Destination: Taproot Farm

When in Doubt

19 thoughts on “Taproot Homeschool Teacher Training

  1. I’m going to try! I wish the logistics from Tulsa were a bit less daunting. You sure make a strong case for attendance. It sounds magical.

  2. I remember reading your post last year about Taproot and it does sound like such a magical and invigorating place for my soul. I hope that everything works out and I can attend this year!

  3. Yes, the laughter and the pilgrimage there. And it warms my heart to be among parents who are striving deeply for the good – for themselves and for their children. There is deep love and respect at Taproot. I can’t wait! Thanks for your touching post, Sheila. (And I always choose a polka dot mug!)

    • One year I’m going to steal a polka-dotted mug. I love them and have never seen them anywhere else. Andrea stole a butter knife 2 years ago (to cut that cake!) I remembered to bring it back last year and then forgot to leave it! It is still in my silverware drawer.

      • Hah! So funny you should mention mugs. Must be time for true confessions. Last summer, I “borrowed” a sweet mug with ducks on it. For tea for the long ride home. I fully intend to return it this year!

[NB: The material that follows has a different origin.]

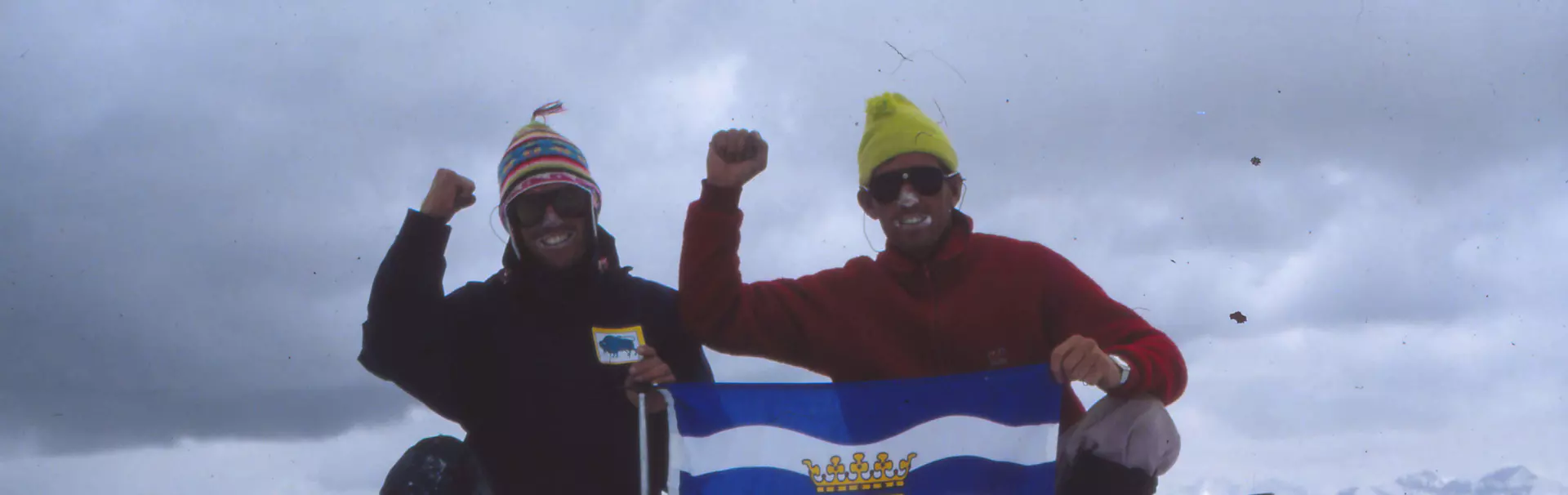 Twee mensen in winterkleding knielen op de besneeuwde top van een berg; ze glimlachen en steken een vuist in de lucht, terwijl ze een blauw-witte vlag met een kroon en leeuwen vasthouden. Op de achter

Promise!
        xo

  4. It sounds magical. I love this, “It is a validation that this is a way to homeschool from a place that goes deeper than the trappings of curriculum and methodology and gets to what I believe is the heart of the matter: goodness, soul connection, spiritual awakening, balance and grounding. It helps me to come to my children from a place of wholeness and mirror that possibility for them.”

    • I really do believe that to be the essence of things. I have been struggling as to where I want to take this little blog of mine – what I want to say in this space – and what you quoted is what I want to talk about. Waldorf seems to get so easily mucked up in the details and the stuff. I want to change the conversation, bc for me, it is not about the details and the stuff. It so much bigger and conversely, so much smaller.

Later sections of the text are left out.